Quality control tests for unmapped sequences were performed based on the FastQC v.0.11.5 software (http://www.bioinformatics.babraham.ac.uk/projects/fastqc/). All of the ChIP-Seq data sets were aligned to the GRCh37/hg19 human genes and Drosophila Melanogaster dm6 genes using bowtie2–2.3.5 with the standard options. PCR duplicates were removed with the Picard v2.18.2 MarkDuplicates tool (Li and Durbin, 2010). The Active Motif Spike-in Normalization protocol was then applied to each hg19 sample by multiplying the human tag counts with the normalization factors derived from the uniquely mapped Drosophila reads as ratios between the sample with the lowest dm6 counts vs. the dm6 counts for that sample.

For each mark the reads mapped on the STAG2 wild-type clones A673.sgNT-1c4 and A673.sgNT-2c3 were merged and labeled as “STAG2 WT”. Similarly, for each mark the reads mapped on the STAG2 knockout clones A673.sgSTAG2–1c6, A673.sgSTAG2–4c5 were merged and labeled as “STAG2 KO” with the exception of H3K27me3 for which only the A673.sgSTAG2–1c6 clone is available and labeled as “STAG2 KO”.

The dm6 normalization factors for individual clones and for the merged clones were very close to 1. The mapped reads for individual and for merged clones were normalized in units of Reads Per Kilobase per Million (RPKM or rpm/bp) and coverage tracks for the RPKM signal were created as bigwig files for bins of size 20 base pairs by using the bamCoverage tool available in deepTools v2.5.3. (Ramirez et al., 2016).

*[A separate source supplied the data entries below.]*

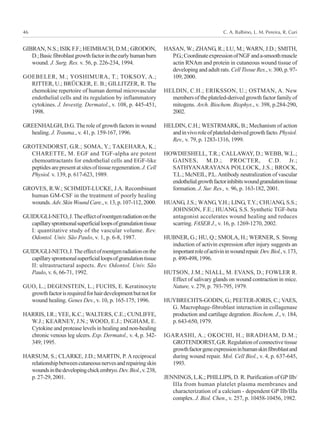 C. A. Balbino, L. M. Pereira, R. Curi46
GIBRAN, N.S.; ISIK F.F.; HEIMBACH, D.M.; GRODON,
D.;Basicfibroblastgrowthfactorintheearlyhumanburn
wound. J. Surg. Res. v. 56, p. 226-234, 1994.
GOEBELER, M.; YOSHIMURA, T.; TOKSOY, A.;
RITTER, U.; BRÜCKER, E. B.; GILLITZER, R. The
chemokine repertoire of human dermal microvascular
endothelial cells and its regulation by inflammatory
cytokines. J. Investig. Dermatol., v. 108, p. 445-451,
1998.
GREENHALGH, D.G. The role of growth factors in wound
healing. J. Trauma., v. 41, p. 159-167, 1996.
GROTENDORST, G.R.; SOMA, Y.; TAKEHARA, K.;
CHARETTE, M. EGF and TGF-alpha are potent
chemoattractants for endothelial cells and EGF-like
peptidesarepresentatsitesoftissueregeneration.J.Cell
Physiol. v. 139, p. 617-623, 1989.
GROVES, R.W.; SCHMIDT-LUCKE, J.A. Recombinant
human GM-CSF in the treatment of poorly healing
wounds.Adv.SkinWoundCare.,v.13,p.107-112,2000.
GUIDUGLI-NETO,J.Theeffectofroentgenradiationonthe
capillarysprontsonalsuperficialloopsofgranulationtissue
I: quantitative study of the vascular volume. Rev.
Odontol. Univ. São Paulo, v. 1, p. 6-8, 1987.
GUIDUGLI-NETO,J.Theeffectofroentgenradiationonthe
capillarysprontsonalsuperficialloopsofgranulationtissue
II: ultrastructural aspects. Rev. Odontol. Univ. São
Paulo, v. 6, 66-71, 1992.
GUO, L.; DEGENSTEIN, L.; FUCHS, E. Keratinocyte
growthfactorisrequiredforhairdevelopmentbutnotfor
wound healing. Genes Dev., v. 10, p. 165-175, 1996.
HARRIS, I.R.; YEE, K.C.; WALTERS, C.E.; CUNLIFFE,
W.J.; KEARNEY, J.N.; WOOD, E.J.; INGHAM, E.
Cytokine and protease levels in healing and non-healing
chronic venous leg ulcers. Exp. Dermatol., v. 4, p. 342-
349;1995.
HARSUM, S.; CLARKE, J.D.; MARTIN, P. A reciprocal
relationshipbetweencutaneousnervesandrepairingskin
woundsinthedevelopingchickembryo.Dev.Biol.,v.238,
p.27-29,2001.
HASAN, W.; ZHANG, R.; LU, M.; WARN, J.D.; SMITH,
P.G.;CoordinateexpressionofNGFanda-smoothmuscle
actin RNAm and protein in cutaneous wound tissue of
developing and adult rats. Cell Tissue Res., v. 300, p. 97-
109,2000.
HELDIN, C.H.; ERIKSSON, U.; OSTMAN, A. New
membersoftheplateled-derivedgrowthfactorfamilyof
mitogens. Arch. Biochem. Biophys., v. 398, p.284-290,
2002.
HELDIN, C.H.; WESTRMARK, B.; Mechanism of action
andinvivoroleofplateled-derivedgrowthfacto.Physiol.
Rev., v. 79, p. 1283-1316, 1999.
HOWDIESHELL, T.R.; CALLAWAY, D.; WEBB, W.L.;
GAINES, M.D.; PROCTER, C.D. Jr.;
SATHYANARAYANA POLLOCK, J.S.; BROCK,
T.L.; McNEIL, P.L.Antibody neutralization of vascular
endothelialgrowthfactorinhibitswoundgranulationtissue
formation. J. Sur. Res., v. 96, p. 163-182, 2001.
HUANG, J.S.; WANG, Y.H.; LING, T.Y.; CHUANG, S.S.;
JOHNSON, F.E.; HUANG, S.S. Synthetic TGF-beta
antagonist accelerates wound healing and reduces
scarring. FASEB J., v. 16, p. 1269-1270, 2002.
HUBNER, G.; HU, Q.; SMOLA, H.; WERNER, S. Strong
induction of activin expression after injury suggests an
importantroleofactivininwoundrepair.Dev.Biol.,v.173,
p.490-498,1996.
HUTSON, J.M.; NIALL, M. EVANS, D.; FOWLER R.
Effect of salivary glands on wound contraction in mice.
Nature, v. 279, p. 793-795, 1979.
HUYBRECHTS-GODIN, G.; PEETER-JORIS, C.; VAES,
G. Macrophage-fibroblast interaction in collagenase
production and cartilage degration. Biochem. J., v. 184,
p.643-650,1979.
IGARASHI, A.; OKOCHI, H.; BRADHAM, D.M.;
GROTENDORST,G.R.Regulationofconnectivetissue
growthfactorgeneexpressioninhumanskinfibroblastand
during wound repair. Mol. Cell Biol., v. 4, p. 637-645,
1993.
JENNINGS, L.K.; PHILLIPS, D. R. Purification of GP IIb/
IIIa from human platelet plasma membranes and
characterization of a calcium - dependent GP IIb/IIIa
complex. J. Biol. Chen., v. 257, p. 10458-10456, 1982.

Peak calling was performed against input controls using the model-based MACS2 v2.1.1.20160309 software (Zhang et al., 2008), with the cut-off FDR ≤ 0.01. Narrow peaks were identified for all marks except H3K27me3 for which MACS2 was called with the broad peak option. Area under Curve (AUC) RPKM normalized signal across genomic regions was computed with the bwtool software (Pohl and Beato, 2014). Peaks with low area under curve coverage (< 300 RPKM) were disregarded and the ENCODE black-listed regions for hg19 (available at https://www.encodeproject.org/annotations/ENCSR636HFF/) were removed from each set of peak regions. Quality control tests for the mapped reads were performed by using the ChIPQC library available from Bioconductor v3.6 (Carroll et al., 2014). The distances between replicates for STAG2 WT and STAG2 KO clones were estimated based on the multiBamSummary function available from the deepTools v2.5.3. (Ramirez et al., 2016) and visualized on correlation heatmaps and PCA plots. The peaks were annotated with the closest hg19 genes by using the annotatePeaks function available in the Homer v4.11 package (Heinz et al., 2010) and the GREAT annotation platform (McLean et al., 2010).

ATAC-Seq

ATAC-Seq data were collected using paired-end 50 bp reads from HiSeq, Illumina at the Center for Cancer Genome Discovery at the Dana-Farber Cancer Institute (2015). Quality control tests for unmapped reads were performed based on the FastQC v.0.11.5 software (Babraham Bioinformatics, http://www.bioinformatics.babraham.ac.uk/projects/fastqc/). All of the ATAC-Seq data sets were aligned to the GRCh37/hg19 human genes using bwa v0.7.17 (https://github.com/lh3/bwa) with the mem -M options (Li and Durbin, 2010). The mitochondrial reads (chr M) were removed with samtools after alignment. PCR duplicates were removed with Picard v2.18.2 MarkDuplicates tool. The reads mapped on the STAG2 wild-type clones were merged and labeled “STAG2 WT”, and similarly, the reads mapped on the STAG2 knockout clones were merged and labeled “STAG2 KO”. The mapped reads were normalized in units of Reads Per Kilobase per Million (RPKM or rpm/bp) and coverage tracks for the RPKM signal were created as bigwig files for bins of size 20 base pairs by using the bamCoverage tool available in deepTools v2.5.3 (Ramirez et al., 2016). Model-based peaks were identified using model-based MACS2 v2.1.1.20160309 software (Zhang et al., 2008), with the cut-off FDR ≤ 0.01. The ATAC-Seq data for this study is available for download from the Gene Expression Omnibus (GEO) repository (GSE 116495) upon manuscript publication.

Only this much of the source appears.